The DOL recently created a Smart Phone app "Eat, Shop and Sleep" which allegedly allows users to search for places to eat, shop, and sleep, and also to review customer reviews of the entities providing those services. However, this Smart Phone app goes a little bit further in that it provides to its users (consumers) information with regard to DOL enforcement issues (i.e. health issues, safety issues, and labor law violations). It permits the user to report a company name, any health or labor law violations, and furthermore, permits the user to find out if a "company name" indicates previous Fair Labor Standards Act (FLSA) violations.

By hitting the "take action" button that permits a user to report violations to the DOL, the user is also directed to DOL contact information such as the phone numbers and office locations; a link to an online complaint form; a link to online workers' rights; and the Occupational Safety and Health Administration (OSHA) data. Obviously, the DOL thinks its Smart Phone app of "Eat, Shop and Sleep" can lead to the discovery of Wage and Hour issues.

As well, the DOL has also developed a free time sheet app that allows employees a simple way to track their hours worked and wages owed. According to DOL Secretary Hilda Solis, this application will not only "empower workers" to protect their interests but also will be "an invaluable source of information that the Wage and Hour Division can use in investigating employers who have failed to maintain accurate records." This app is compatible with iPhone, iPad, iPod Touch, and is available as a free download at the DOL site. As any employer who has become embroiled in an FLSA litigation matter clearly knows, it is the responsibility of the employer to maintain, keep, track, and provide accurate and complete information with regard to an employee's hours of work and compensation. A failure to keep and provide this type of information is, in and of itself, a violation of the FLSA.

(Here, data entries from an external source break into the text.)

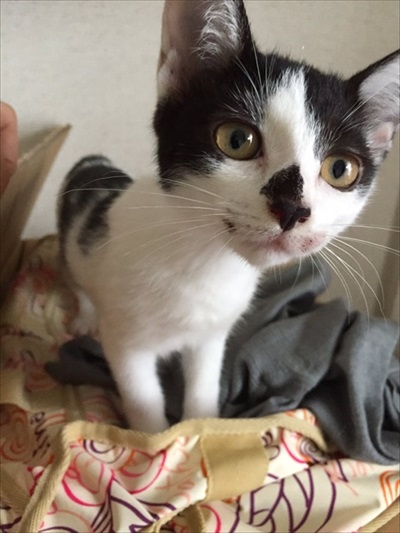 猫ちゃんのビフォーアフター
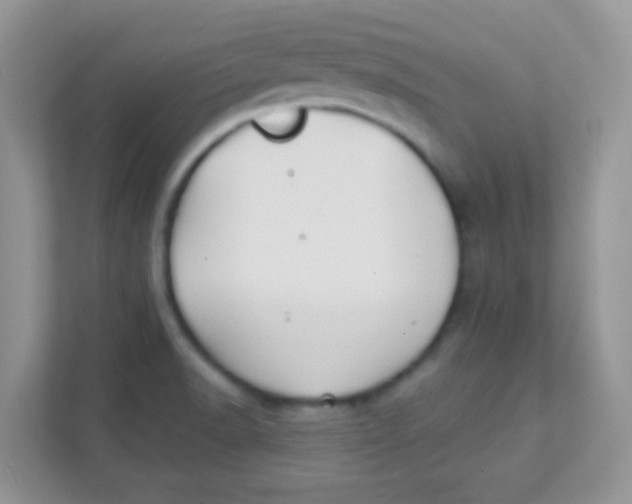 X0000111381518200907311043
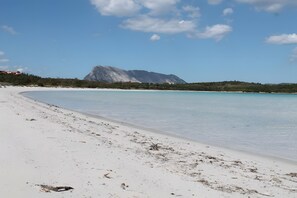 Una spiaggia nelle vicinanze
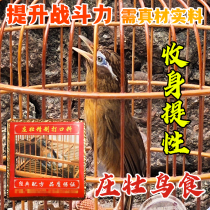 A- level boutique thrush bird food feed play bird fighting bird fight bird singing bird singing bird lift sex strong fat hand nutrition mouth mouth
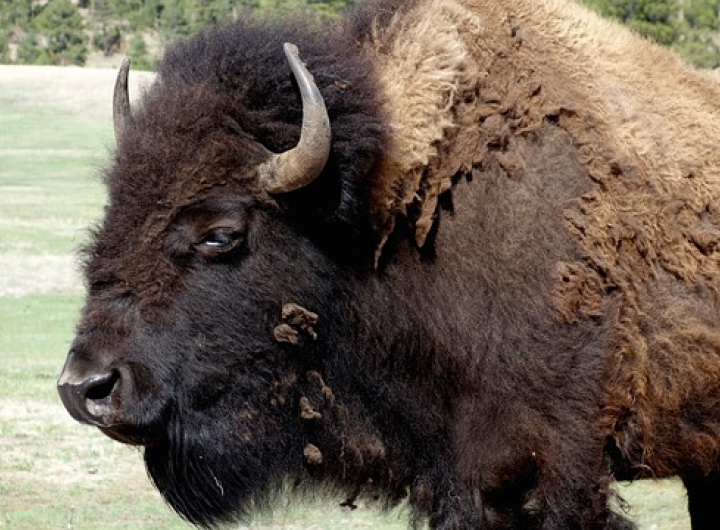 Wildlife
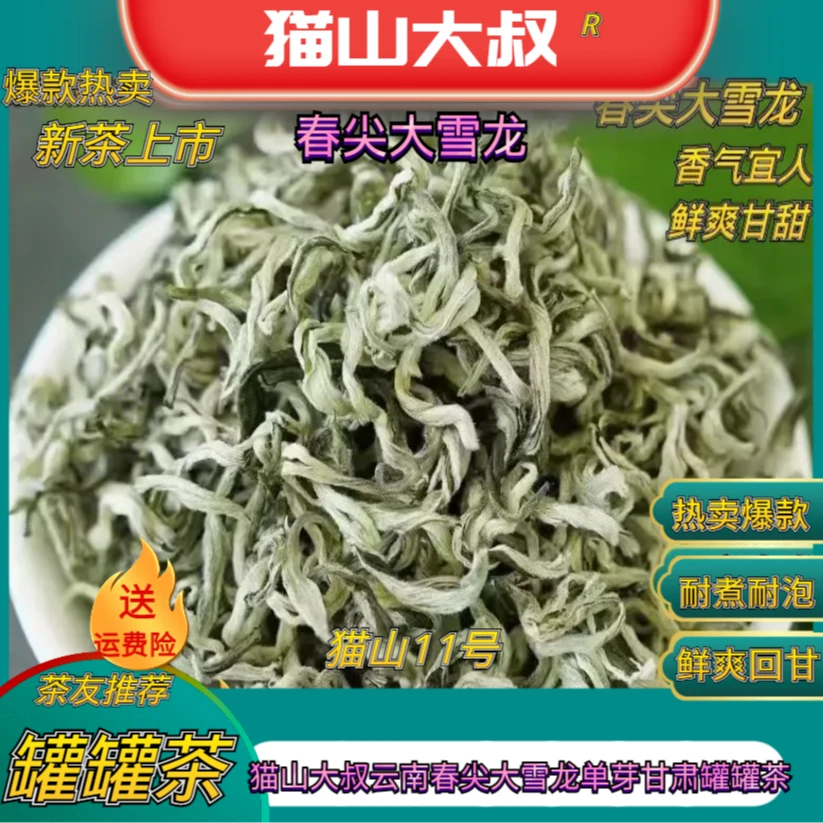 【猫山11号】2025新茶云南春尖大雪龙单芽西北兰州天水甘肃罐罐茶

In any FLSA litigation, it is the employee's initial burden to prove that the employer had committed a violation. An employee may satisfy this burden by proving that he/she has performed work for which he/she was not compensated by producing sufficient evidence to show the amount and extent of that work as a matter of reasonable inference. Once the employee has established their initial burden, which, based on case review, is not very difficult, the burden of persuasion shifts to the employer to dispel or disprove the employee's position. Assuming, solely for purposes of discussion, that the employer's records are inaccurate or inadequate, the reasonable inferences of the employee will be accepted. One must wonder if this new DOL time sheet app may bolster an FLSA claim by an employee for a wage claim. Will a court find this type of evidence "more compelling" than records kept in a notebook? As Director Solis stated at the American Society of Safety Engineers Conference in 2009, "make no mistake, the DOL is back in the enforcement business." Certainly, the enhanced use of technology by the DOL is proof of that fact.

Obviously, the technological age provides great advances for dissemination of business information. As suggested in this article, it may also provide the DOL with a chance to further intensify their "enforcement" for FLSA violations.